In terms of basic broadband services (up to 8Mbps) the UK heads the various G7 countries, but this has taken heavy campaigning and in some areas assistance from development agencies to encourage take-up of broadband. It is easy to think BT Wholesale rolled out ADSL to thousands of exchanges quickly, but in the first four years of this millennium, there was a long process of campaigning with justification needed before money could be invested in enabling an exchange.

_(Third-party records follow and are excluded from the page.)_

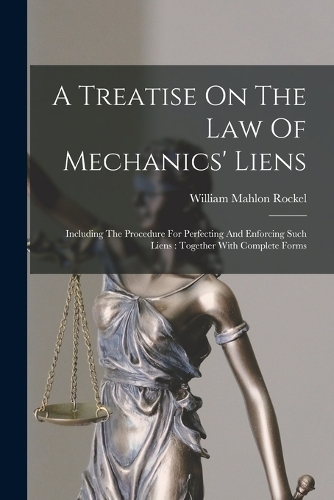 A Treatise On The Law Of Mechanics' Liens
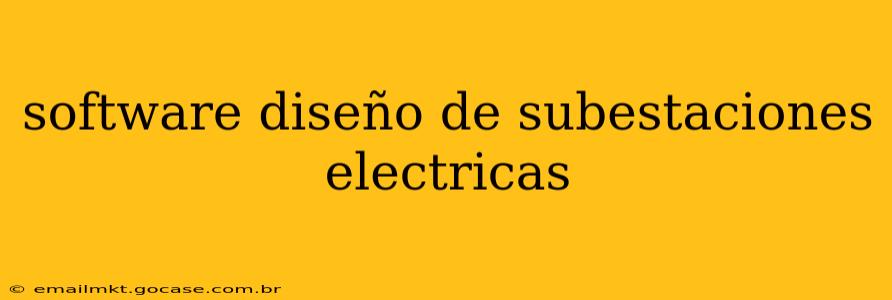 software diseño de subestaciones electricas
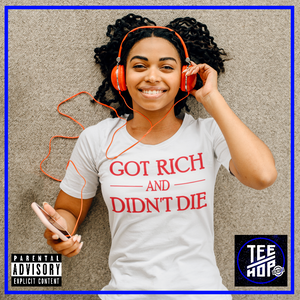 Got Rich And Didn't Die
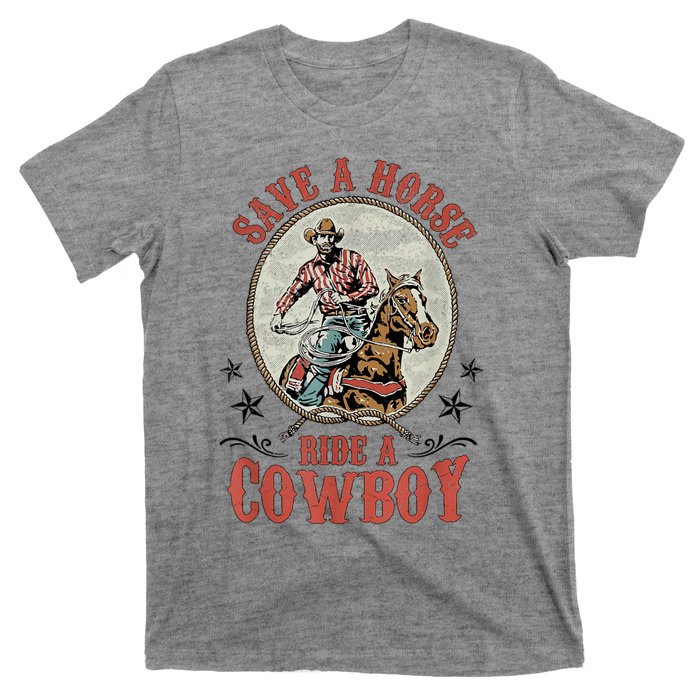 Save A Horse Ride A Cowboy T-Shirt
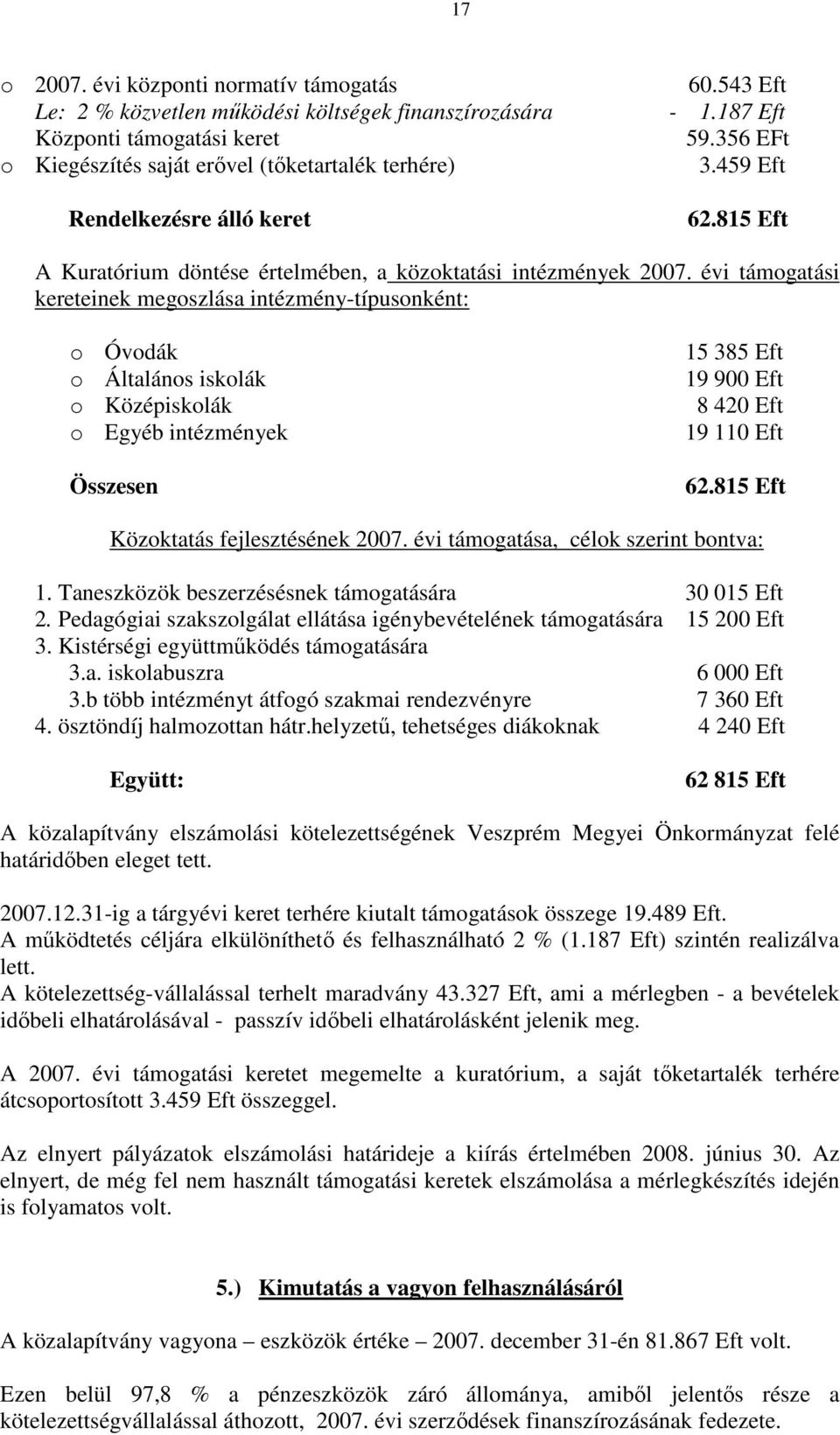 évi támogatási kereteinek megoszlása intézmény-típusonként: o Óvodák o Általános iskolák o Középiskolák o Egyéb intézmények Összesen 15 385 Eft 19 900 Eft 8 420 Eft 19 110 Eft 62.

We agree with the BSG that the next couple of years are critical--The last 18 months have resulted in major changes to how the local loop is managed and the opportunities offered by 21CN are even greater. Without a clear path forward in terms of a national strategy, we will run the risk of still offering some standard of xDSL to households over a copper local loop that may be several kilometres long in 15 years' time. BT have talked publicly about the use of fibre and there are various trials around, but it seems while the technical people can show what is possible, until someone somewhere is willing to give a clear confirmation of funding, it will remain largely the domain of small trials, like ADSL was for a number of years in the UK which offered a 2Mbps ADSL service in 1998 to a select few.
Of course even if a company rolls out a faster broadband service, it may not necessarily mean much faster speeds if everyone is using it at the same time. In our last speed test round-up we calculated an average download speed of 2065Kbps on the BT Total Broadband service. Excluding users on older fixed speed services raises the average to 2350Kbps, still a long way from the headline speed of 8Mbps used in the marketing.

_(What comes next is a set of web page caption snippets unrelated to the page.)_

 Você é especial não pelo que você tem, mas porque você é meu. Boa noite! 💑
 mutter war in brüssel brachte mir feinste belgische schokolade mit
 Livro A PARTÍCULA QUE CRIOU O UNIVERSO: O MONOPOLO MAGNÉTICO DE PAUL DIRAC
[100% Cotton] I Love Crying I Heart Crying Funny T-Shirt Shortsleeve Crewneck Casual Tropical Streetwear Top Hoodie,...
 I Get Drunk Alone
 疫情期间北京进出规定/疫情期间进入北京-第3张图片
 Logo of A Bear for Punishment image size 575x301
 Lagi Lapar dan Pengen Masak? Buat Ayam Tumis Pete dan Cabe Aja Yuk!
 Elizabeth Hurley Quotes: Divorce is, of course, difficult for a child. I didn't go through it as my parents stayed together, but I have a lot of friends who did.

One fact of life that users need to accept, is if we the consumers want companies to give us faster broadband options we should be prepared to pay for them. Given the explosion in broadband demand as prices dropped into the £15-25 a month zone, there would seem to be little scope for firms marketing an ultra-fast broadband service for £40 or more, but this is the sort of price that new technology roll-outs may need to ensure any interest from those controlling the investment capital. One estimate mentioned for the cost of rolling out FTTH to 90% of UK households is 14 billion Euros.
Of course this talk of 10 to 50Mbps broadband is great, but the roll-out of a reliable broadband service is not complete in the UK, there are areas like E16 in London where some homes struggle to get a 0.25Mbps service. The numbers involved may only be in the region of 50,000 to 250,000 phone lines out of the 29 million in the UK, but the lack of commitment to resolving these issues from providers, BT and various levels of government do not bode well for what will happen as broadband speeds increase in the easy to service areas.